By Jessica Thompson
April 27, 2025
I can’t seem to shake this feeling, no matter how much time passes. At 18, I gave away something that I thought would be meaningful. I lost my virginity to a guy named Dante in LA. It was one of those moments that you think will change everything, but it really just changed me.
I fell for him hard. I mean, I was madly in love with him. But the thing is, he didn’t feel the same way. Not really. He was always distant, always caught up in his own life, and even though we knew each other for over three years, we were never on the same page. I would see him on and off, thinking maybe this time things would be different, but they never were. Even when he got into a relationship with someone else, he still came back to me. He cheated on his girlfriend with me, and I let him, thinking maybe that would make him realize how much I cared.

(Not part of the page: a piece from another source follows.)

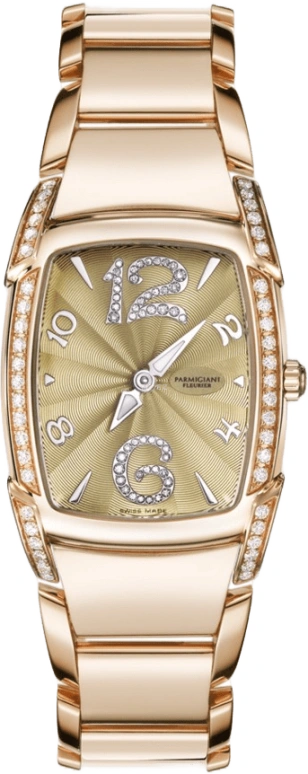 Parmigiani Fleurier Kalpa PFC1601021100B10002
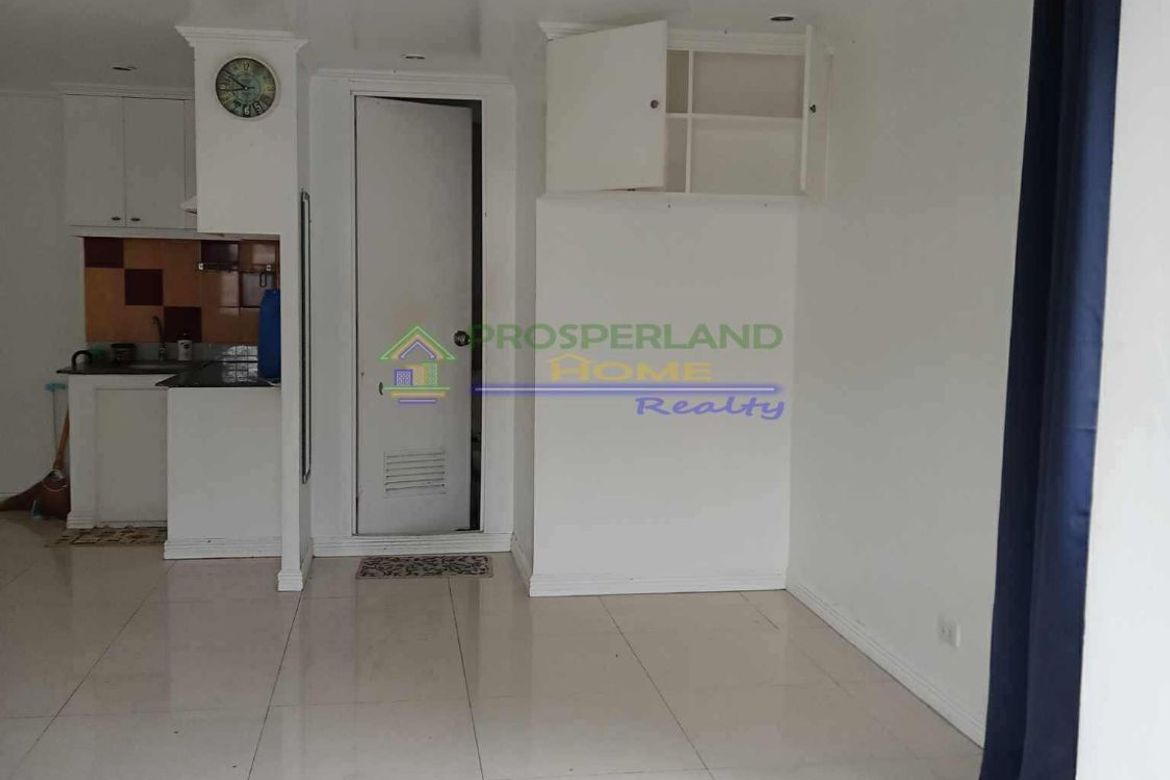 1 Bedroom Commercial for Sale in Don Bosco, Parañaque, Metro Manila – photo 5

But then, when that relationship ended, I thought, finally, maybe we could be something real. But no, Dante ghosted me. One day, he just disappeared without a word. No goodbye, no explanation. He blocked me on everything. It was like I never existed to him at all. I don’t know why he did it, and I’ll never get the closure I need. I just want to scream at him sometimes, to let him know how deeply I loved him, how much I thought of him, how much I still do.
It’s pathetic, isn’t it? Here I am, years later, still holding onto the idea of him, even though I know I shouldn’t. I hate how long I’ve been strung along by him. I hate how he has this hold over me, even though he doesn’t deserve it. He treated me like I was disposable, and yet here I am, still thinking about him, still wondering what would happen if he ever came back into my life.
The worst part is that, if he came to me now, I’d probably drop everything for him. As messed up as it sounds, I’d leave everything behind just to be with him again. And that realization makes me feel weak. Why can’t I move on? Why can’t I let go of someone who hurt me so badly? I’ve tried, I really have. But something about him, something about that connection we had, still lingers inside me, like a ghost that refuses to leave.
I hate that he’s still able to control my thoughts, even now, even after all the time that’s passed. I don’t know what it is about him that still pulls me in, but I can’t seem to free myself from it. And maybe that’s the worst part—knowing that I’ll never truly be over him.